→ **The data**:
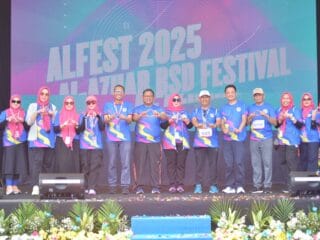 Ribuan keluarga Al-Azhar meriahkan FUNWALK ALFEST 2025 di Tangsel, penuh kebersamaan, kepedulian sosial, dan hiburan.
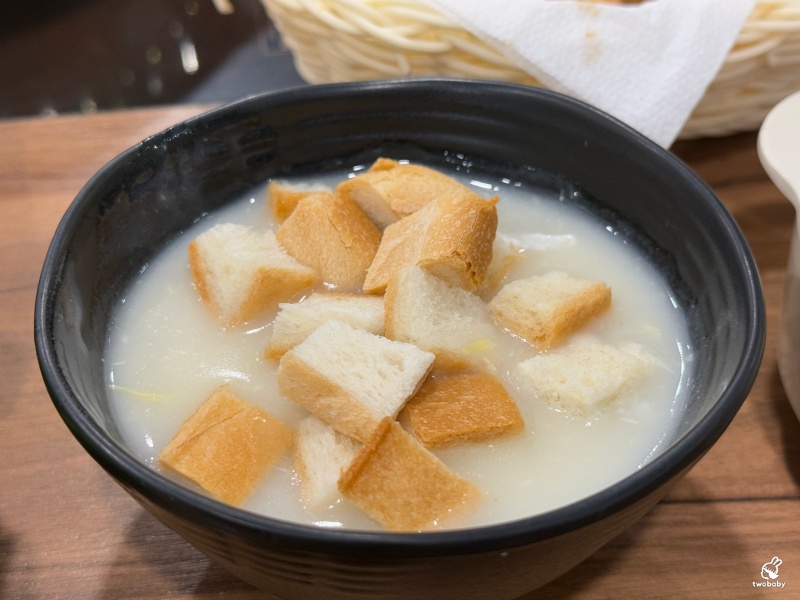 饗食帝國蘆洲中原店 平日時段339元起鴛鴦火鍋自助吃到飽 打卡還送白蝦超划算! @兔貝比的菲比尋嚐 饗食帝國蘆洲中原店 平日時段339元起鴛鴦火鍋自助吃到飽 打卡還送白蝦超划算! @兔貝比的菲比尋嚐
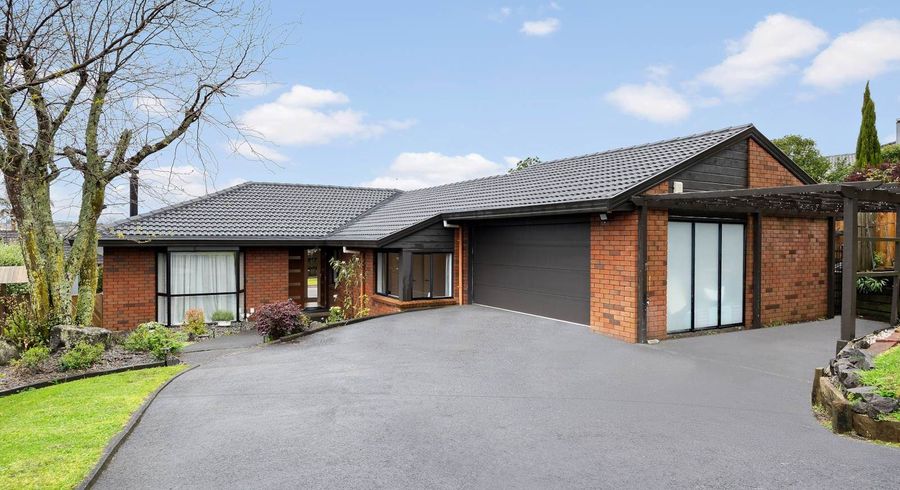  at 15 Orangewood Drive, Northpark, Manukau City, Auckland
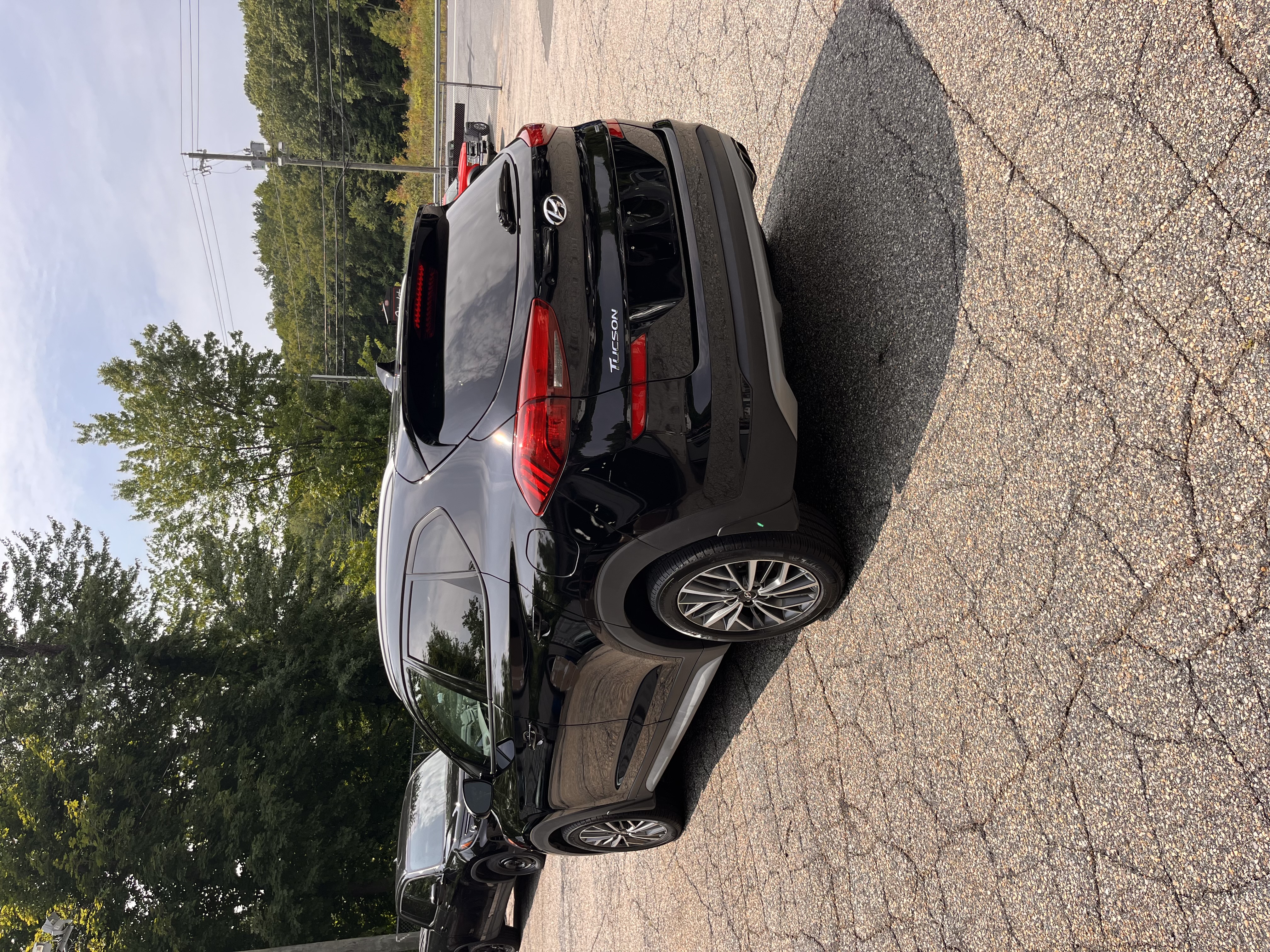 NEW ARRIVAL!!! 2020 HYUNDAI TUCSON SEL AWD!! Clean carfax!! ONLY 36,500 miles!! Great on gas! Heated seats, backup camera, lane departure, blind spot, forward collision assist, Bluetooth and much more! Perfect first car or commuter!! Won’t last at ONLY $18,900!!!
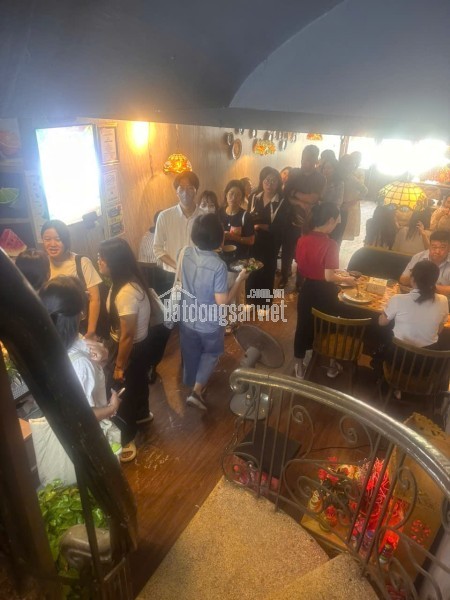 Chính chủ cần Sang nhượng nhà hàng chay – thương hiệu 5 năm Veggie Castle Ngọc Khánh Ba Đình Hà Nội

→ **Activity**:
Go to the line containing "NEW ARRIVAL!!! 2020", then write out word for word every line from there to the end of the listing. Keep both end lines and drop the pictures.

→ **Output of the task**:
 NEW ARRIVAL!!! 2020 HYUNDAI TUCSON SEL AWD!! Clean carfax!! ONLY 36,500 miles!! Great on gas! Heated seats, backup camera, lane departure, blind spot, forward collision assist, Bluetooth and much more! Perfect first car or commuter!! Won’t last at ONLY $18,900!!!
 Chính chủ cần Sang nhượng nhà hàng chay – thương hiệu 5 năm Veggie Castle Ngọc Khánh Ba Đình Hà Nội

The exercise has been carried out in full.